Huffman encoding algorithm is a widely used lossless data compression technique that assigns variable-length codes to characters based on their frequencies in the input. It works by building a binary tree in which the two lowest frequency nodes are merged into a single parent node until all the nodes are part of the tree. The resulting tree is then traversed to generate the code for each character, with shorter codes assigned to more frequently occurring characters.

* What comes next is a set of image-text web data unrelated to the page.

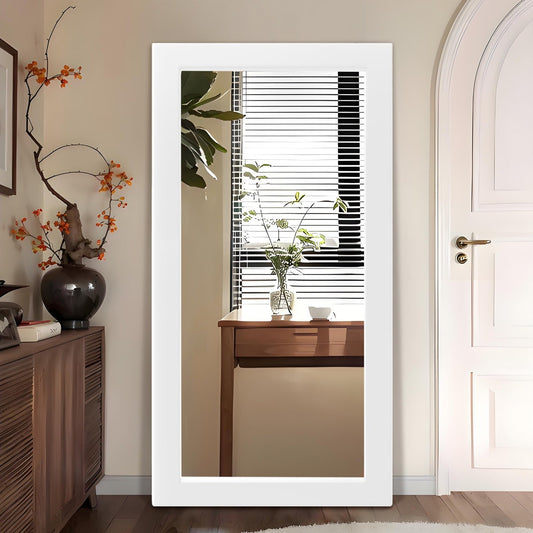 Full-length mirror leaning against a wall with a wooden cabinet and decorative items.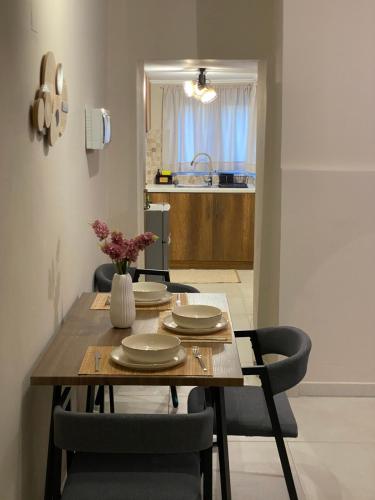 a dining room table with chairs and a kitchen at Harmony in Mytilini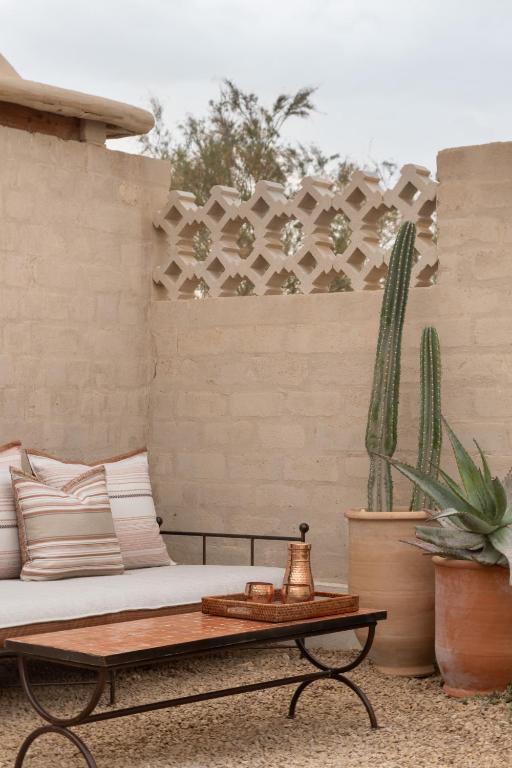 a patio with a couch and a table and cactus at Moa Living in Ẕofar
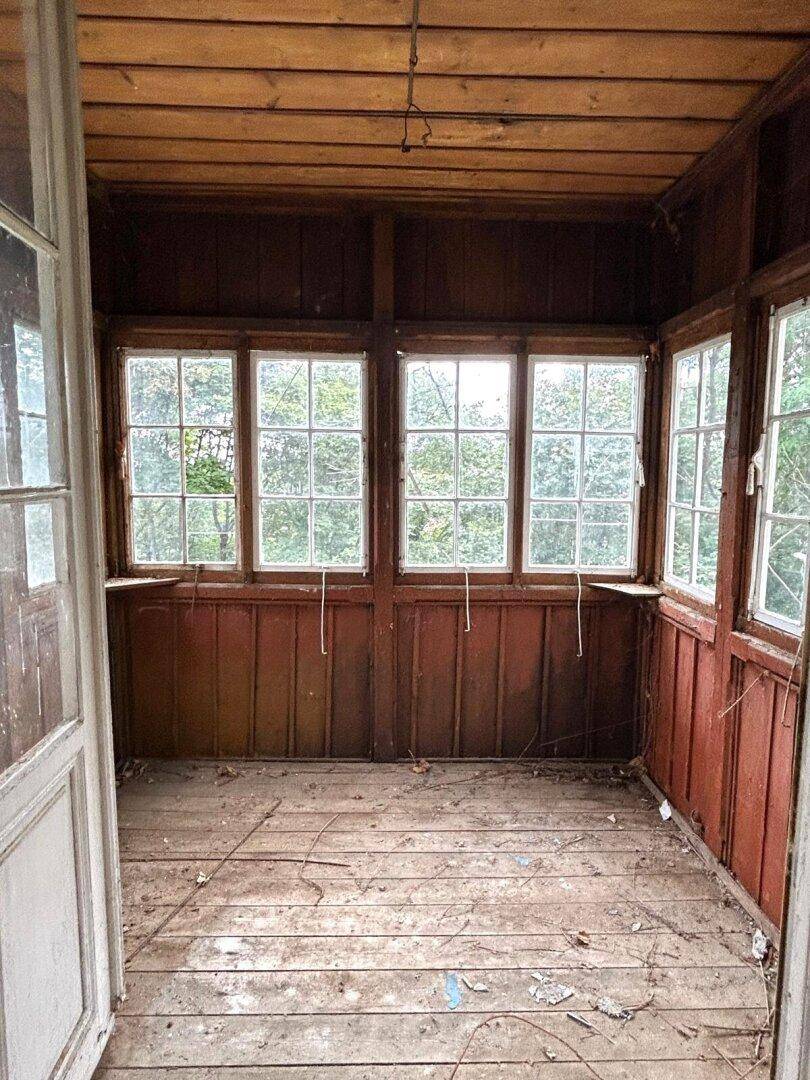 Verglaster Holzveranda-Anbau mit vielen Fenstern und Blick ins Grüne.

This can significantly reduce the size of the input data, making it useful for applications such as file compression and data transmission.

Time Complexity: O(nlogn)

        unordered_map<char, string> encodingMap;
        
        class Node
        {
        public:
            string key;
            int value;
            Node *parent;
            Node *left;
            Node *right;
            Node(string key, int value)
            {
                this->key = key;
                this->value = value;
            }
        };
        
        typedef pair<Node *, int> pd;
        
        struct encoding
        {
            constexpr bool operator()(
                pair<Node *, int> const &a,
                pair<Node *, int> const &b)
                const noexcept
            {
                return a.second > b.second;
            }
        };
        
        void labeling(Node *root, string current)
        {
            if (root == NULL)
            {
                return;
            }
            else if (root->key.length() == 1)
            {
                encodingMap[root->key[0]] = current;
            }
            labeling(root->left, current + "0");
            labeling(root->right, current + "1");
        }
        
        vector<string> huffman_encoding(vector<char> values, vector<int> frequencies)
        {
            priority_queue<pd, vector<pd>, encoding> PQ;
        
            for (int i = 0; i < values.size(); i++)
            {
                Node *node = new Node(string(1, values.at(i)), frequencies.at(i));
                PQ.push(make_pair(node, frequencies.at(i)));
            }
        
            while (PQ.size() > 1)
            {
                Node *a = PQ.top().first;
                PQ.pop();
                Node *b = PQ.top().first;
                PQ.pop();
                string newKey = a->key + b->key;
                int newFrequency = a->value + b->value;
                Node *newNode = new Node(newKey, newFrequency);
                newNode->left = a;
                newNode->right = b;
                a->parent = newNode;
                b->parent = newNode;
                PQ.push(make_pair(newNode, newFrequency));
            }
        
            Node *root = PQ.top().first;
        
            labeling(root, "");
        }
        
        int main()
        {
            vector<char> values = {'A', 'B', 'C', 'D'};
            vector<int> frequencies = {75, 2, 22, 31};
            vector<string> encoding = huffman_encoding(values, frequencies);
            for (int i = 0; i < values.size(); i++)
            {
                cout < values.at(i) < ": " < encodingMap[values.at(i)] < endl;
            }
        }